I am from D.C. Not Maryland. Not Virginia. D.C. My mother was born there, I grew up there, and much of my family still lives there, along with more than 700,000 Americans.
These basic facts seem to mystify many Mainers. I can’t tell you how many times I have been told by non-Washingtonians that “nobody is really from D.C.” — that everyone just “chose” to move there from somewhere else. But my family and I, like other native Washingtonians, didn’t “choose” to live in D.C.; it’s just where we’re from. Like Mainers, we take great pride in having deep roots in the city. (There’s even an organization called the Association of the Oldest Inhabitants of D.C., founded in 1865, with members who can trace their roots back to the early 1800s.)
Unlike someone born in Augusta or anywhere else in Maine, however, my mom and her D.C. neighbors don’t have full voting rights. They can vote for president, but in Congress all they have are a “Non-Voting Delegate” and a “Shadow Senator,” neither of whom have full voting rights.
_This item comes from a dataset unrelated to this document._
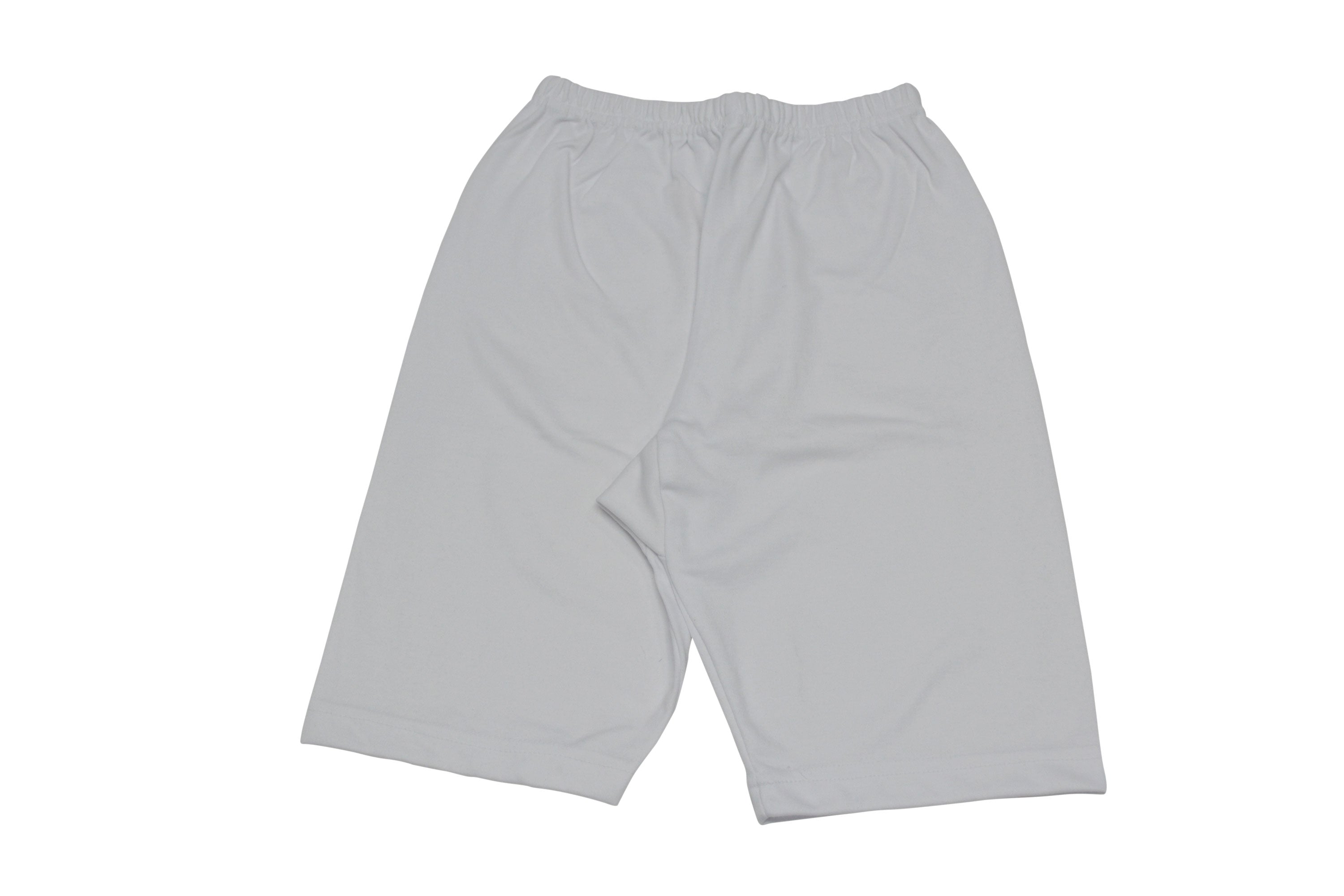 White Cycling Short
Yes, this is “taxation without representation,” the root cause of the American Revolution. It undermines the very foundation of representative democracy. Washingtonians had the right to vote in federal elections until it was stripped away in 1801. They have been fighting to win it back ever since.
They are closer now than ever before. The movement to make D.C. the 51st state gained unprecedented momentum in the months since protests shined a light on America’s enduring racial inequalities. Race historically has been a major reason why D.C., with its large Black population, still does not have full voting rights.
Last summer, with support from Reps. Chellie Pingree and Jared Golden, the House of Representatives voted 232-180 to establish D.C. as America’s 51st state, the first D.C. statehood bill ever to pass a house of Congress. A Senate bill introduced in January has 40 co-sponsors. Unfortunately, neither Sen. Angus King nor Sen. Susan Collins is among them.
The power to create new states rests entirely with Congress, but some members are skeptical about adding a new state for the first time in a half century. Some claim that we must amend the Constitution if we want to give Washingtonians the vote. That is simply not true.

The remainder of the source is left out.